Whatever import the modifying language "or otherwise dispose of" is intended to have, we conclude that the mere retention of collateral is not the type of disposition which this provision contemplates. A contrary conclusion would obliterate the distinction which the Code draws between the consequences of a secured party's retaining and disposing of collateral. It would permit a secured party to dispose of collateral under § 9-504 by retaining it and in addition, to claim a deficiency. To sanction this course of conduct as "commercially reasonable" would contravene the Code's mandate that an effective election to retain the collateral results in a complete discharge of the underlying obligation.
Copeland, 531 F.2d at 1207 (citations omitted); see also, e.g., Lachenmyer, 131 Ill. App.3d at 921, 87 Ill.Dec. at 58-59, 476 N.E.2d at 760-61 (citing Mechanics Nat'l Bank v. Gaucher, 7 Mass. App. Ct. 143, 386 N.E.2d 1052 (1979); Cordova v. Lee Galles Oldsmobile, Inc., 100 N.M. 204, 668 P.2d 320 (N.M.Ct.App. 1983)).
Simply stated, a retention of the collateral is not a disposition under section 9-504.
At trial in this case, the exhibits evidenced, and a senior adjustor for IFG testified, that while most of the collateral had been sold or otherwise disposed of pursuant to statute, IFG, as the owner of the wood carving, had not sold, leased, or otherwise disposed of it but, rather, had "repossessed" it, assessed its value, and acknowledged that such amount could properly be applied as a setoff to what defendants owed.

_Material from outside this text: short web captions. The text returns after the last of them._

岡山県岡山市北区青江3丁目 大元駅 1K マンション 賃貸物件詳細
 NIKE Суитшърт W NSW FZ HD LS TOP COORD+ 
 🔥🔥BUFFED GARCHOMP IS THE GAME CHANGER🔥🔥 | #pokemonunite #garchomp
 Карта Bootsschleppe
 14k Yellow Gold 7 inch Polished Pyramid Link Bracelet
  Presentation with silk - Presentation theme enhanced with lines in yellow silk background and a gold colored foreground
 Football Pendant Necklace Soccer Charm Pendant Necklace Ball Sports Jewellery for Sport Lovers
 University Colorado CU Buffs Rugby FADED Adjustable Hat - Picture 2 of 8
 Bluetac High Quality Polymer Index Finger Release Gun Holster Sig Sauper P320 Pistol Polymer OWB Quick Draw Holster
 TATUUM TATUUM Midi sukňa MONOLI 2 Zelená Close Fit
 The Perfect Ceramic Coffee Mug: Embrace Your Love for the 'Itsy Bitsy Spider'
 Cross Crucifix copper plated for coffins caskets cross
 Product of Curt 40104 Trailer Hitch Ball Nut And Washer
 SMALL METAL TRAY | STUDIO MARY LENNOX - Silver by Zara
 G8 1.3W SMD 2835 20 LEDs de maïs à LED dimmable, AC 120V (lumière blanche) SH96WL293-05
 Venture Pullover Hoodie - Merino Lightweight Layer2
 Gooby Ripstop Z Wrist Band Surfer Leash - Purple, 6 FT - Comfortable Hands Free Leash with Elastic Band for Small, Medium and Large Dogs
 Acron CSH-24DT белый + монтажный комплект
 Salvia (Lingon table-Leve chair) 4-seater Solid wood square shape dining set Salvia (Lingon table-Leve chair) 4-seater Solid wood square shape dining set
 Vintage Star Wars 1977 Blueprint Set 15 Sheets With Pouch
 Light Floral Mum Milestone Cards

The record demonstrates that as of the date of trial, IFG had not actually credited or subtracted that sum from the total amount of the leases or the deficiency judgment being sought but, instead, merely noted the same for the court's direction. Additionally, defendants had not compelled disposition of the collateral.
Accordingly, since the evidence would not support a determination that a disposition had occurred, the trial court properly found that the carving was not sold, leased, or "otherwise disposed of" as was the rest of the collateral. After determining such, the court could not correctly and conformably conclude that the carving was unreasonably sold or "otherwise disposed of" pursuant to section 9-504. Any conclusion indicating the same was incorrectly stated. With this in mind, the issue becomes whether IFG retained the collateral in satisfaction of debt.
Utah Code Ann. § 70A-9-505(2) (1980).
B
As previously noted, in contrast to the dispositional remedies provided for in section 9-504, the UCC also entitles creditors to retain and protect collateral held for a debt until such debt is set aside. Significantly, under section 9-505 and applicable case law, such retention cannot be equated under the statute with an election to satisfy debt, absent the statutorily required written notice from the creditor that it has made such an election.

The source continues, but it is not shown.